● Aim of the task
Could every line of the listing be output exactly, with the pictures skipped?

=== Available records ===

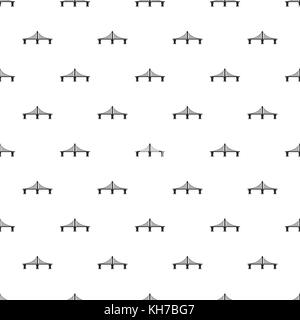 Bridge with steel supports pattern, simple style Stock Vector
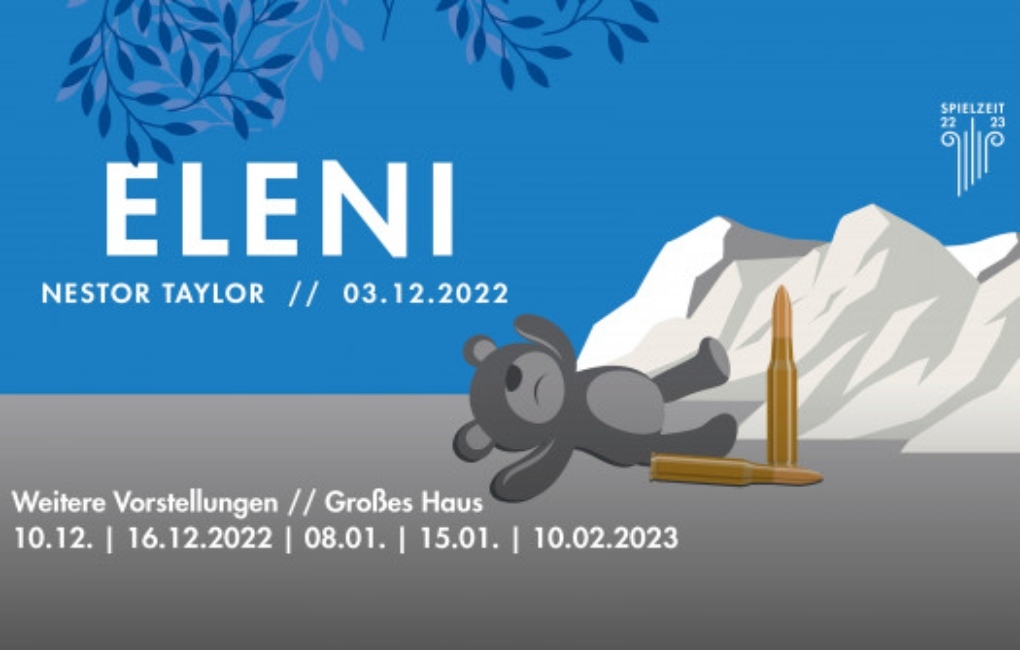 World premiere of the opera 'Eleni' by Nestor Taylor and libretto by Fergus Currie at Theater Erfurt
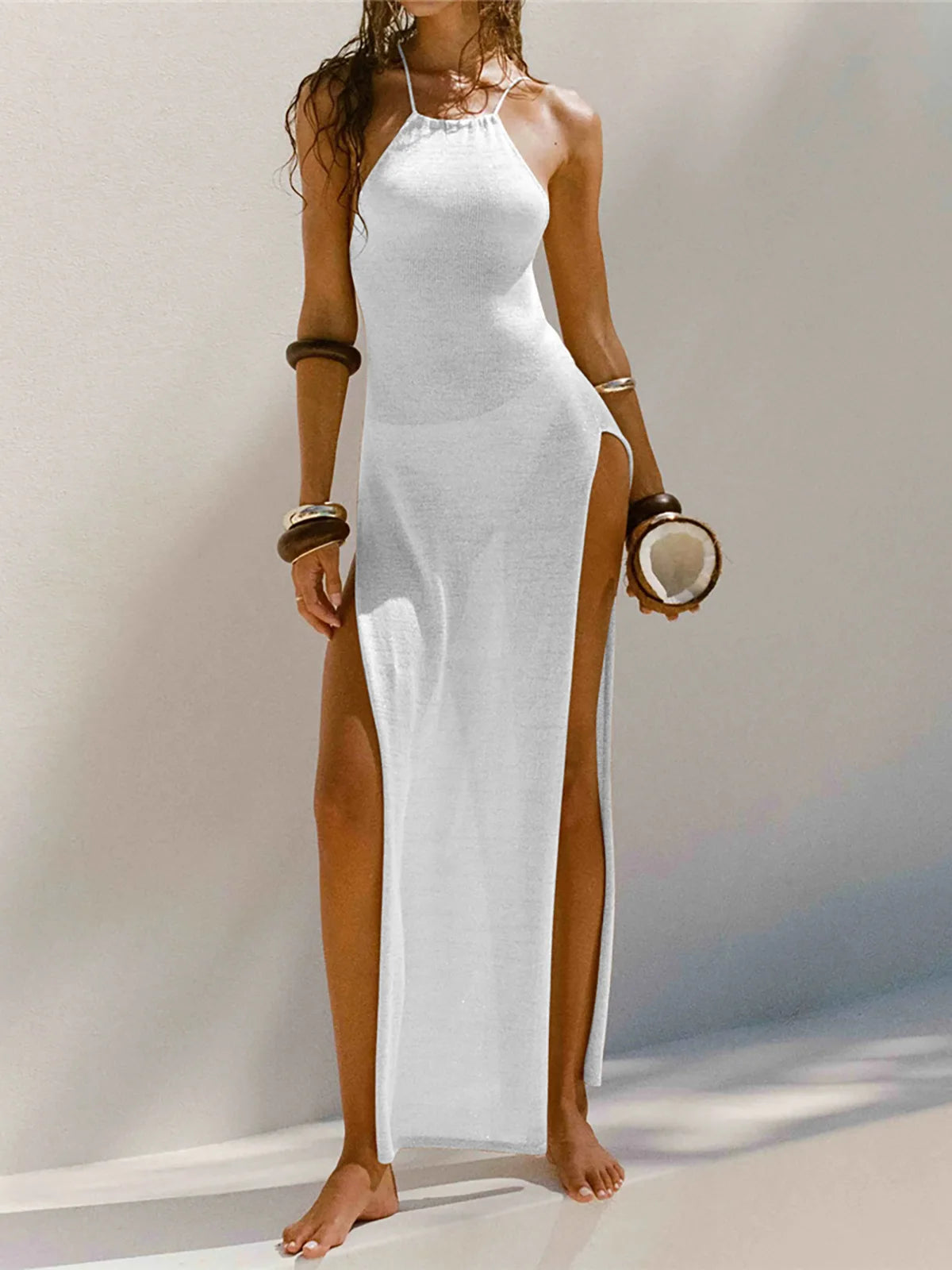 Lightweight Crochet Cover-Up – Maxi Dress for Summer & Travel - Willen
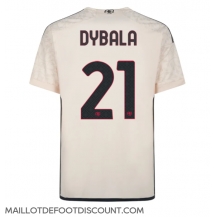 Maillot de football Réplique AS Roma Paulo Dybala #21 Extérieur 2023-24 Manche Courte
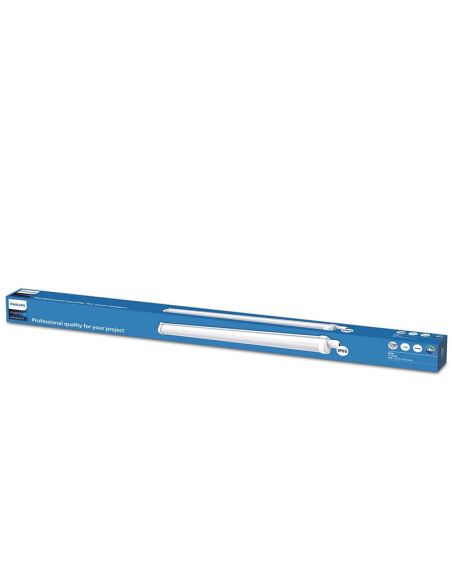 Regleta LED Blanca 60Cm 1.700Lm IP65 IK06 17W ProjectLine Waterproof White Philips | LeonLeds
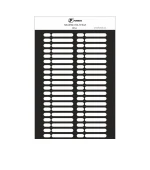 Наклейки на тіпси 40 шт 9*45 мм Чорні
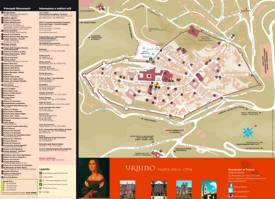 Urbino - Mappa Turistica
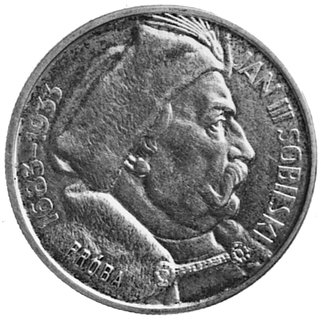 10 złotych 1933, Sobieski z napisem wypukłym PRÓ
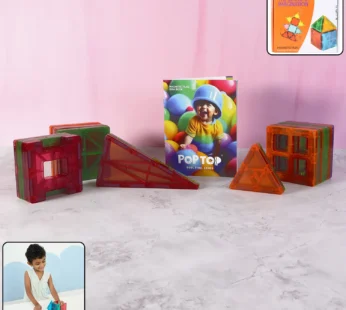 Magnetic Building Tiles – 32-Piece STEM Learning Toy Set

===

● Output of the task
 Bridge with steel supports pattern, simple style Stock Vector
 World premiere of the opera 'Eleni' by Nestor Taylor and libretto by Fergus Currie at Theater Erfurt
 Lightweight Crochet Cover-Up – Maxi Dress for Summer & Travel - Willen
 Maillot de football Réplique AS Roma Paulo Dybala #21 Extérieur 2023-24 Manche Courte
 Regleta LED Blanca 60Cm 1.700Lm IP65 IK06 17W ProjectLine Waterproof White Philips | LeonLeds
 Наклейки на тіпси 40 шт 9*45 мм Чорні
 Urbino - Mappa Turistica
 10 złotych 1933, Sobieski z napisem wypukłym PRÓ
 Magnetic Building Tiles – 32-Piece STEM Learning Toy Set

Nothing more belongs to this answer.